The European Union has accused Kenya of frustrating its efforts to present its reports on October’s rigged presidential election in the country.
The repeat election took place on October 26, after supreme court nullified the August 8 poll following NASA supreme leader Raila Odinga’s successful petition
EU chief observer Marietje Schaake said on Wednesday that she was forced to read the report from Brussels so as to meet guidelines for presenting a report three months after an election.
“The report was released in Brussels after the Kenyan government stated it was not prepared to receive the chief observer in Nairobi at this time,” she said in a televised briefing in Brussels.
“Besides presenting a final report to the government, EU EOMs normally organise discussions with political parties, civil society representatives, journalists and other stakeholders.”
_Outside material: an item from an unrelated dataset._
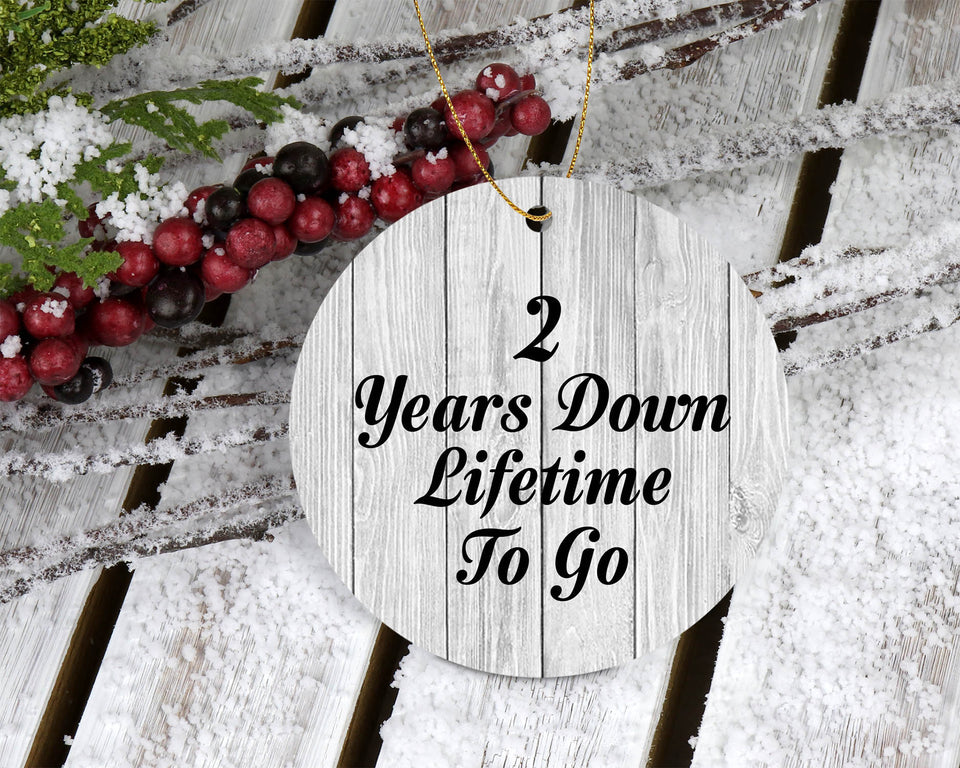 2nd Anniversary 2 Years Down Lifetime To Go - Circle Ornament F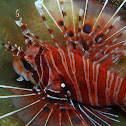 Spot-fin Lionfish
She noted there was a persistent lack of trust in the institution of IEBC by the opposition and other stakeholders.
“Kenyans went from high hopes for these elections to many disappointments and confrontations. Kenya remains deeply divided,” she said.
“Our final report and recommendations are intended to contribute to a better democratic process and a restoration of trust. But with every recommendation, leadership from those in power, support from the population and cooperation between different fractions are needed in order to initiate reforms.”
Key highlights in her report include intimidation by politicians of independent institutions such as the IEBC and the judiciary.
The report also cited use of excess force by security forces leading to deaths and serious injuries. The report also condemns Uhuru regime
for attempts to restrict civil society and media and abuse of state resources.
“We hope the recommendations in our final report will contribute to more resilient democracy from which all Kenyans benefit. This takes time to build up, which is why it is important that steps are taken promptly to improve the legal framework, institutions and practices.”
Schaake called on Kenyans to push for reforms on improving the resilience of independent institutions, inclusive legal reform, improved ICT arrangements and IEBC oversight.
She also recommended a legal requirement for a comprehensive results framework and a review of the electoral system to promote the participation of women and inclusiveness.